*WHAT TO WORK ON*.
Pictures stay out of the copy. Transcribe exactly, and only, the line with "BMW BMW 6-Series GT" through the last line of the entries below.

*Brief descriptive captions*.
----

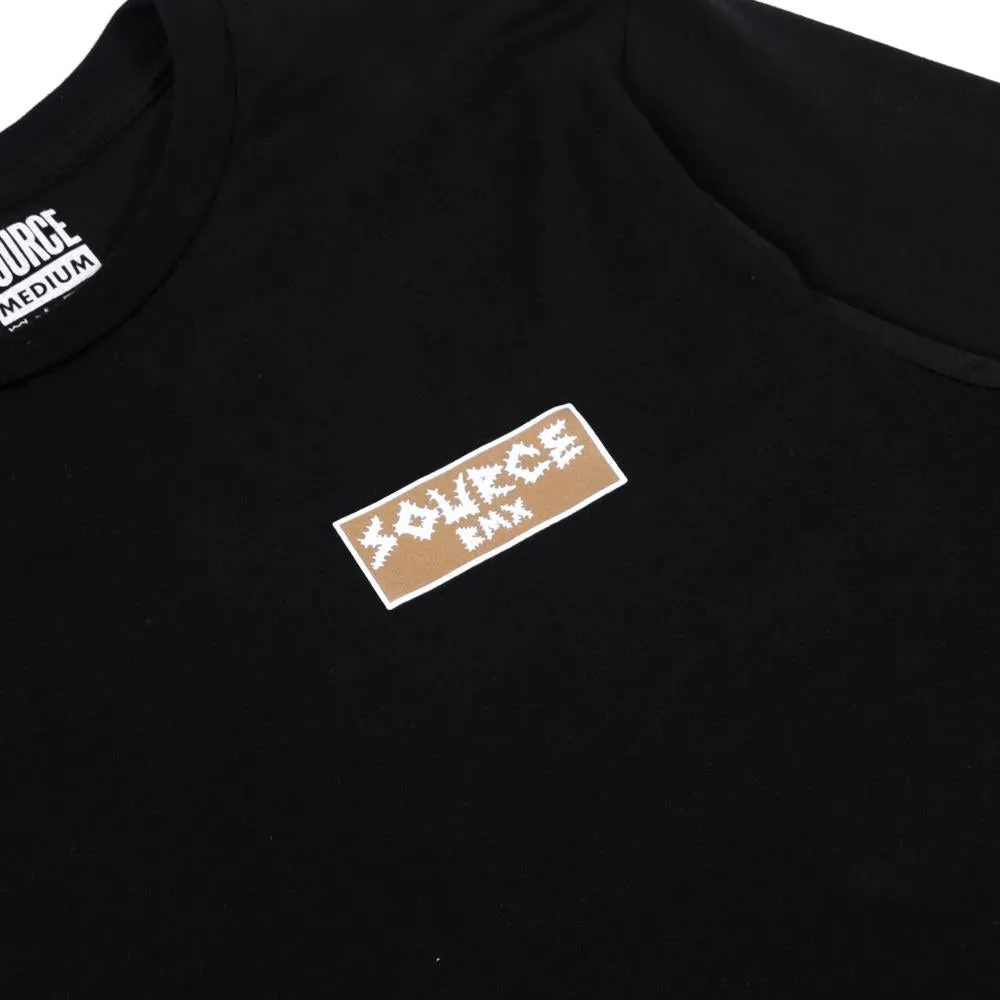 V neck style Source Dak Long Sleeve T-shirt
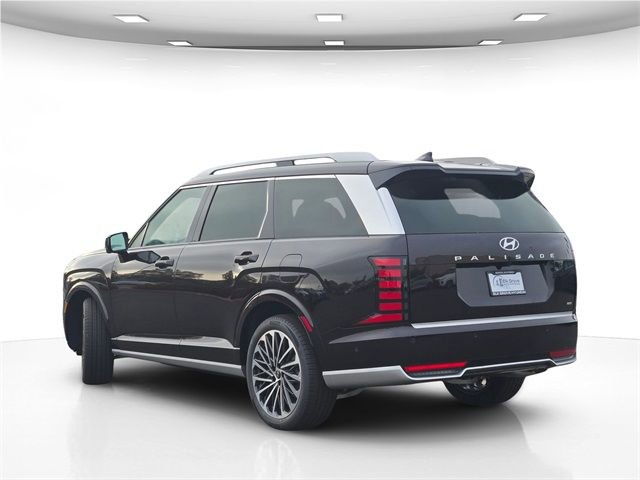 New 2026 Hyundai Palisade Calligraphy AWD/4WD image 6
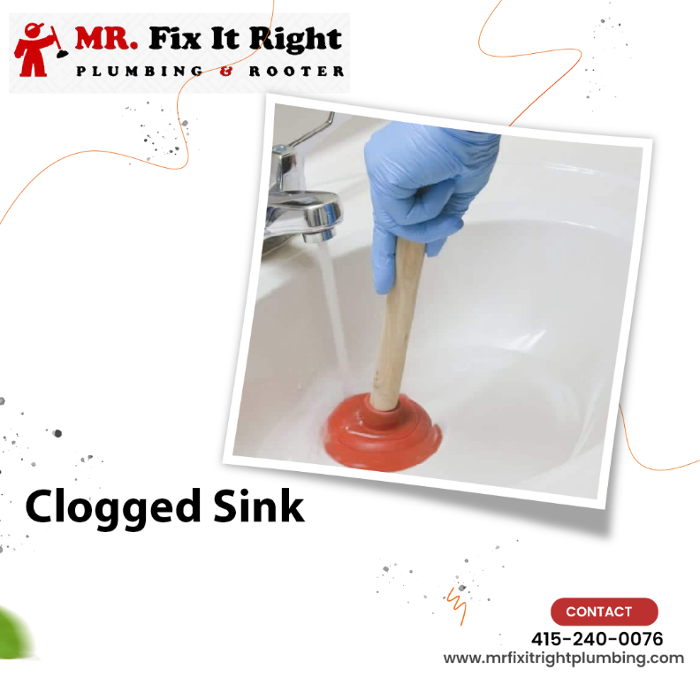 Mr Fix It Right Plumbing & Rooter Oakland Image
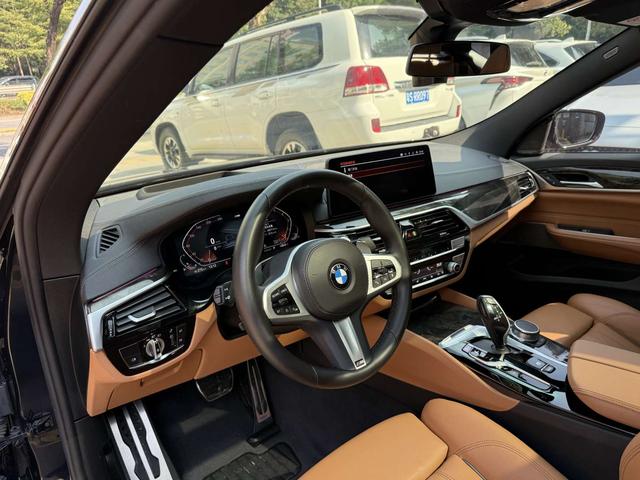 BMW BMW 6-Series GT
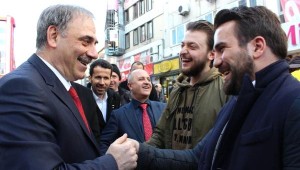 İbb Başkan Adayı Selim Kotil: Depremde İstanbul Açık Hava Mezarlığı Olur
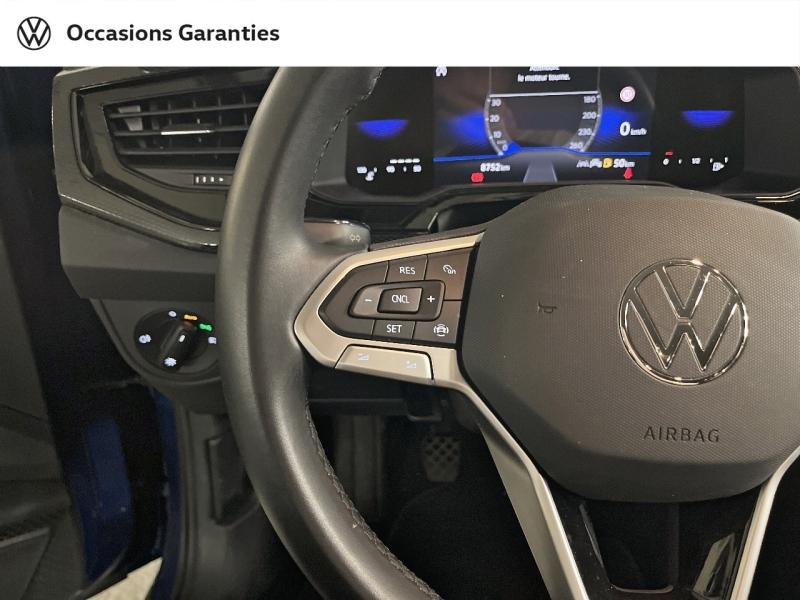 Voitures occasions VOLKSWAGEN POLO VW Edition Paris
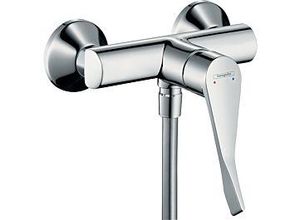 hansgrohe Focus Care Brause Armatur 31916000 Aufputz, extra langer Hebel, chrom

----

*REPLY TO THE EXERCISE*.
 BMW BMW 6-Series GT
 İbb Başkan Adayı Selim Kotil: Depremde İstanbul Açık Hava Mezarlığı Olur
 Voitures occasions VOLKSWAGEN POLO VW Edition Paris
 hansgrohe Focus Care Brause Armatur 31916000 Aufputz, extra langer Hebel, chrom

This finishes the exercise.